Below is a listing. Quote from it, exactly, the lines from the one containing "Compare G1X versus SX420 top" down to the one containing "Pennsylvania German vs", both ends included, and nothing else.

+++ MATERIAL FOR THIS TASK +++

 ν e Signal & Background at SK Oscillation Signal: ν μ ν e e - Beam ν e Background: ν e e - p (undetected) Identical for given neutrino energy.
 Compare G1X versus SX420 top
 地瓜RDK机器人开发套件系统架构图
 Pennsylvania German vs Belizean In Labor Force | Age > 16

+++
+++ MATERIAL FOR THIS TASK +++

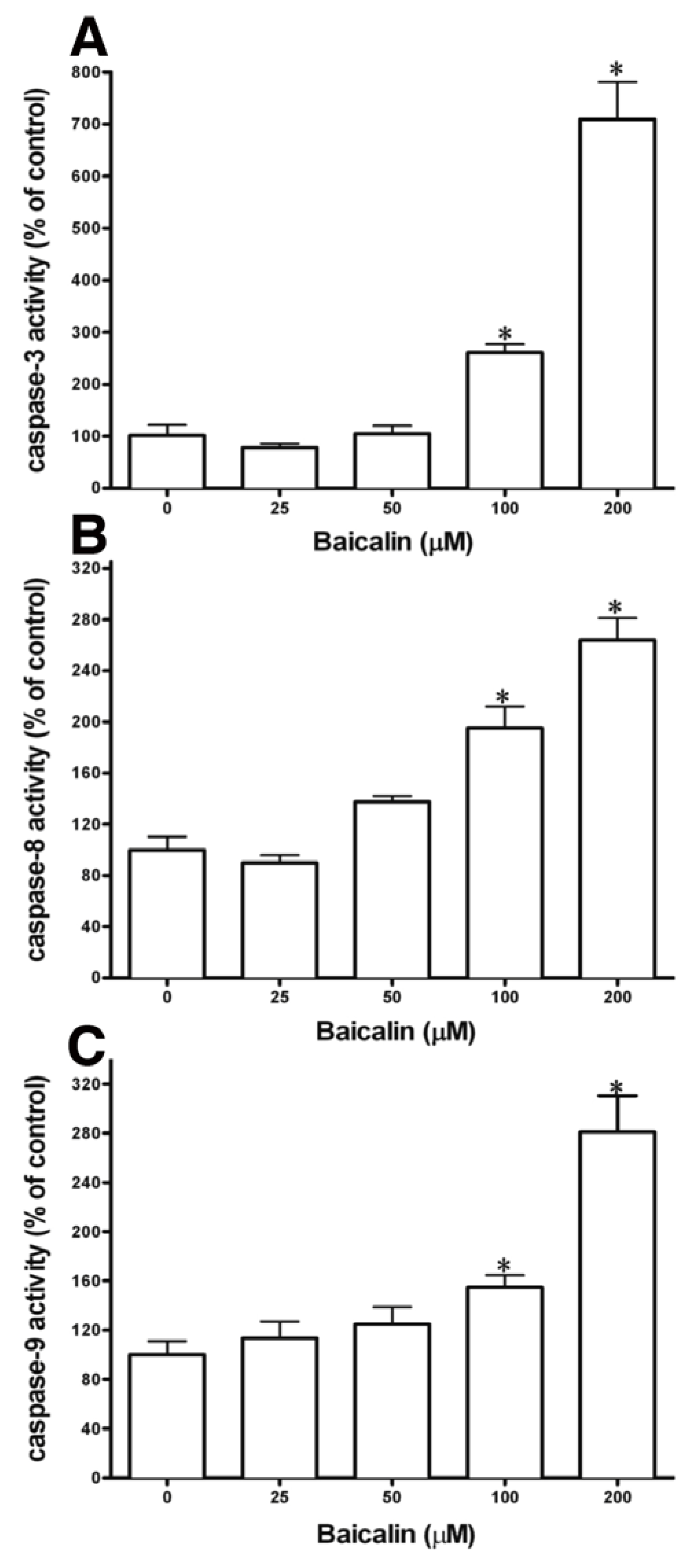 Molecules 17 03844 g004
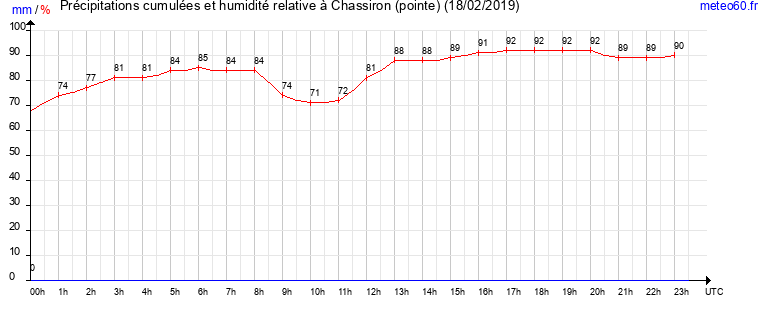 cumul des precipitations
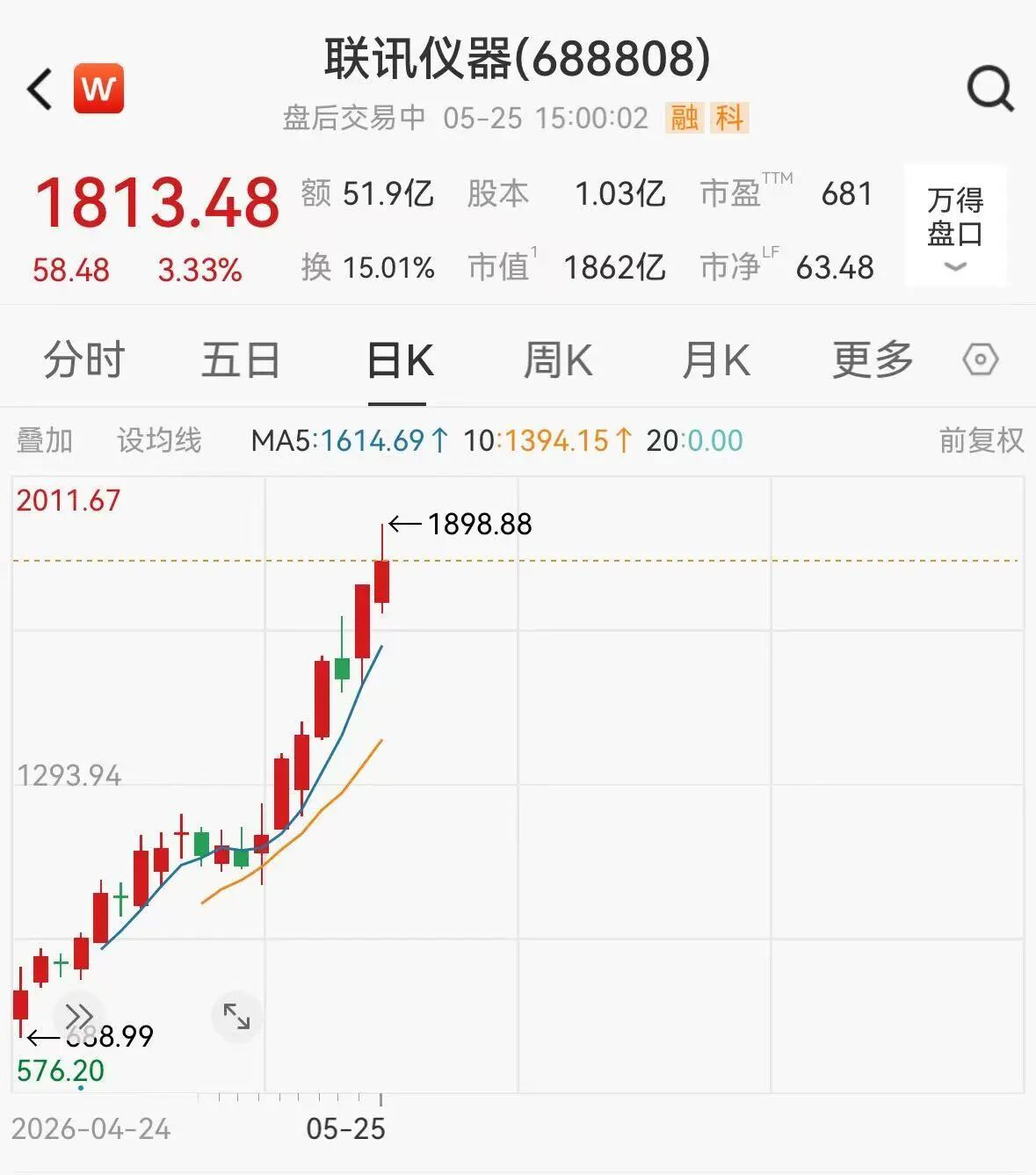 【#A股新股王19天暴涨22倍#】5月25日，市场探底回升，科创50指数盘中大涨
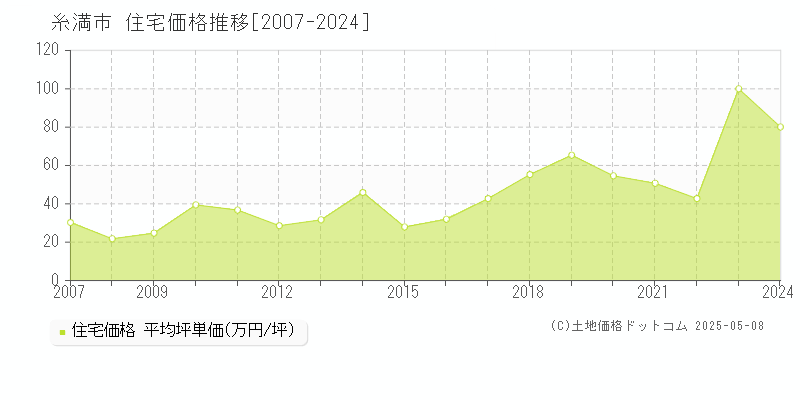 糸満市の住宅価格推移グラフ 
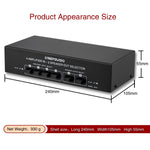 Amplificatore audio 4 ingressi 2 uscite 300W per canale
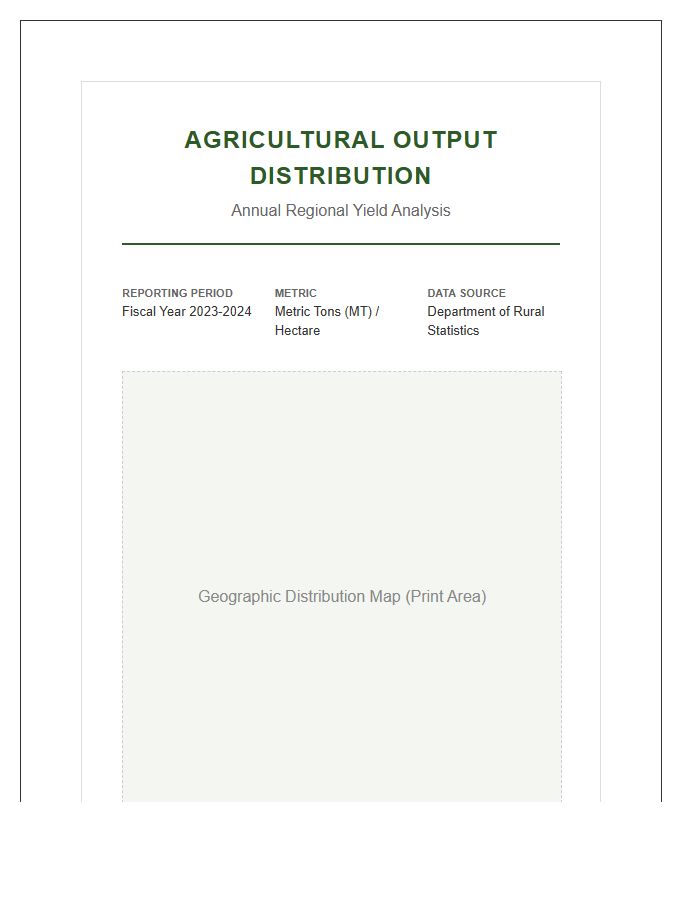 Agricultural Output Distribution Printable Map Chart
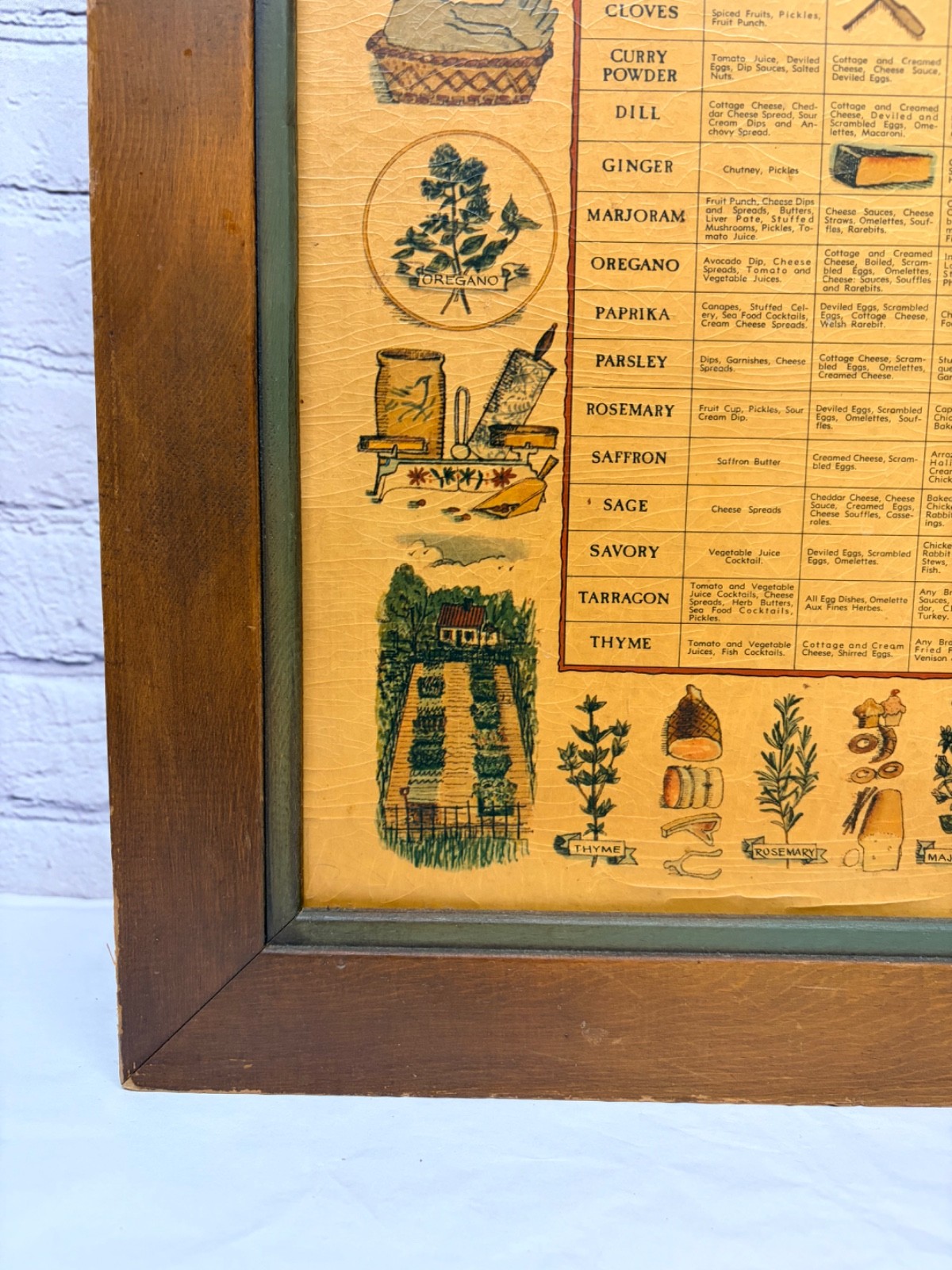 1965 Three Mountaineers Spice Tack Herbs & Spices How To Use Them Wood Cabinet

+++
+++ MATERIAL FOR THIS TASK +++

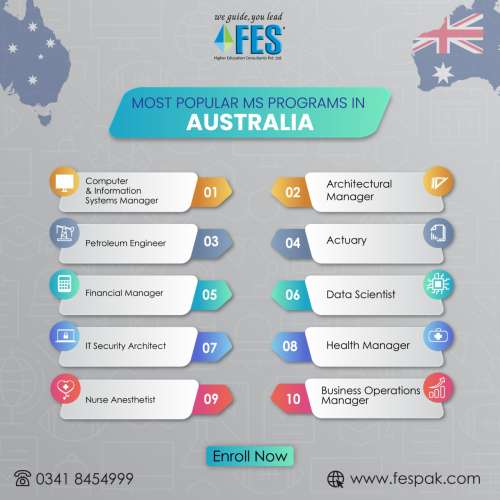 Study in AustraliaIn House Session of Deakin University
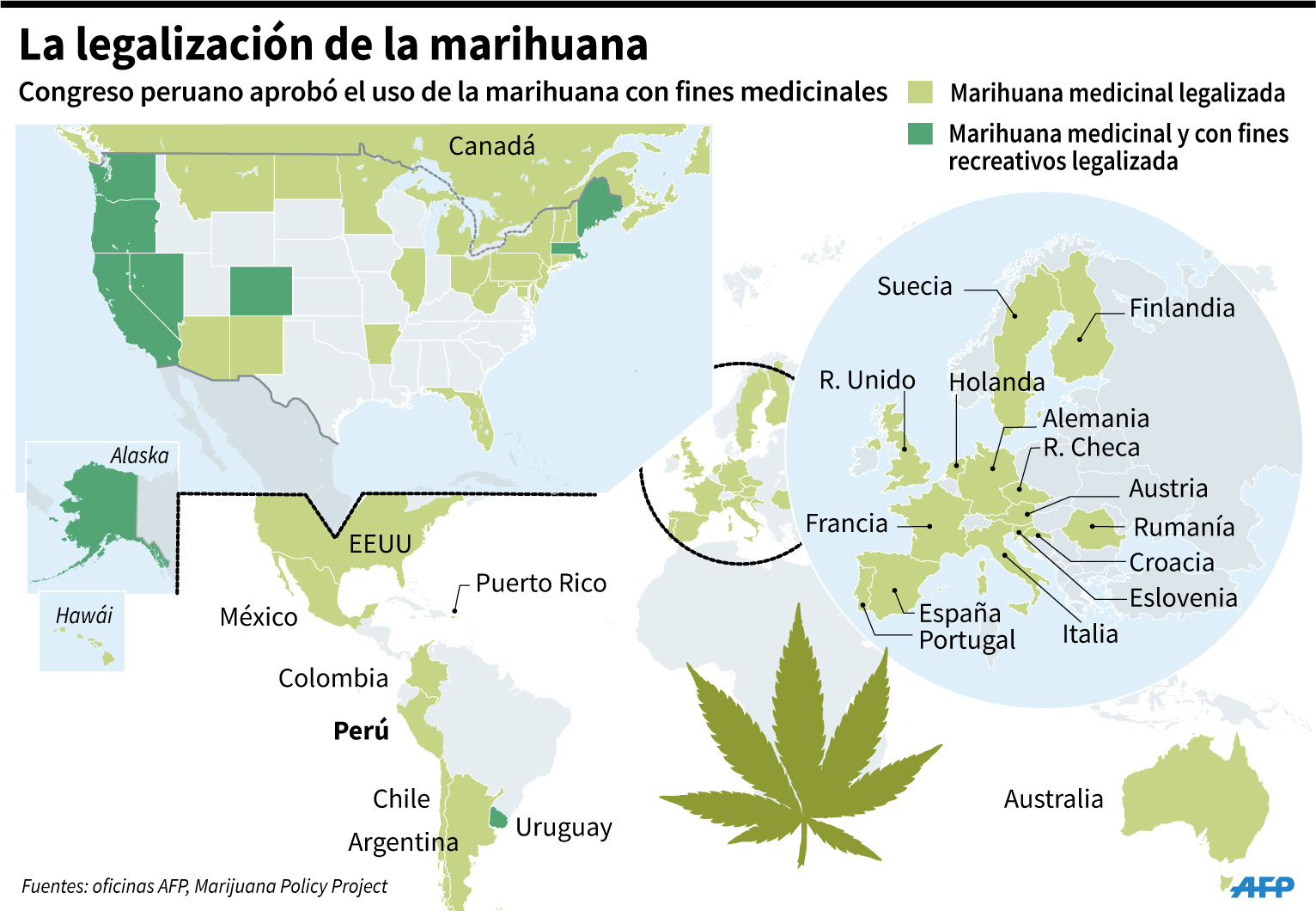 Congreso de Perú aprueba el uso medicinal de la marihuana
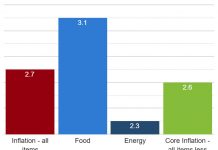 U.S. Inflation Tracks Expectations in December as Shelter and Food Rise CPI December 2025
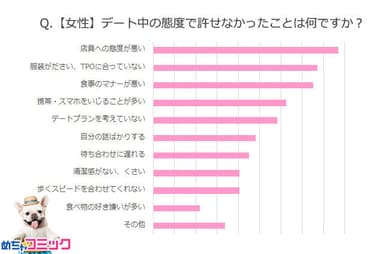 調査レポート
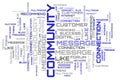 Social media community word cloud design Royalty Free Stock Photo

+++

## RESPONSE
 Compare G1X versus SX420 top
 地瓜RDK机器人开发套件系统架构图
 Pennsylvania German vs Belizean In Labor Force | Age > 16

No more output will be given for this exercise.